Remembering Hiroshima at Charlton House |
by New Worker
correspondent
AROUND 300
peace activists gathered last Monday to mark 6th August as Hiroshima
Day in Tavistock Square Central London and lat in the evening in south-east London
another 60 gathered in the Peace Garden
at Charlton House to mark the event.
The event
commemorates the detonation of atomic bombs at Hiroshima
and a few days later at Nagasaki –
the only two atom bombs ever used in warfare that caused such death and
destruction that such weapons have never been used again.
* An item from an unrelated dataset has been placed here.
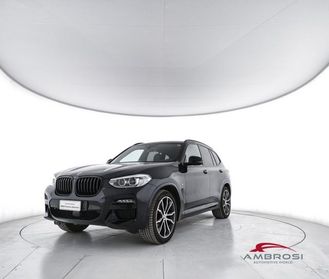 BMW X3 xdrive20d mhev 48V Msport auto
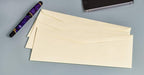 EnDoc #9 Colored Envelopes - 100 Pack - Cream Pastel Color 3 7/8 x 8 7/8 envelope, Letter Size, For Home, Offices, Holiday, Invoices and Mailings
And the horrors of those two bombs sparked the
creation of a worldwide peace movement calling for an end to all nuclear weapons
– and other weapons of mass destruction.
In Tavistock
Square campaigners gathered around the Japanese
cherry tree to hear veteran peace campaigner Tony Benn, CND general secretary
Kate Hudson and Green MP Jean Lambert speak before observing a minute’s
silence.
At Charlton House, in the grounds, campaigners
gathered to share food they had brought and then proceeded to the peace garden
to hear poetry and songs before also observing a minute’s silence.
Then as rain threatened, they went inside the
House for more music and reminiscences among the campaigners, who included
veterans of the first Ban-the-Bomb marches and Greenham Common.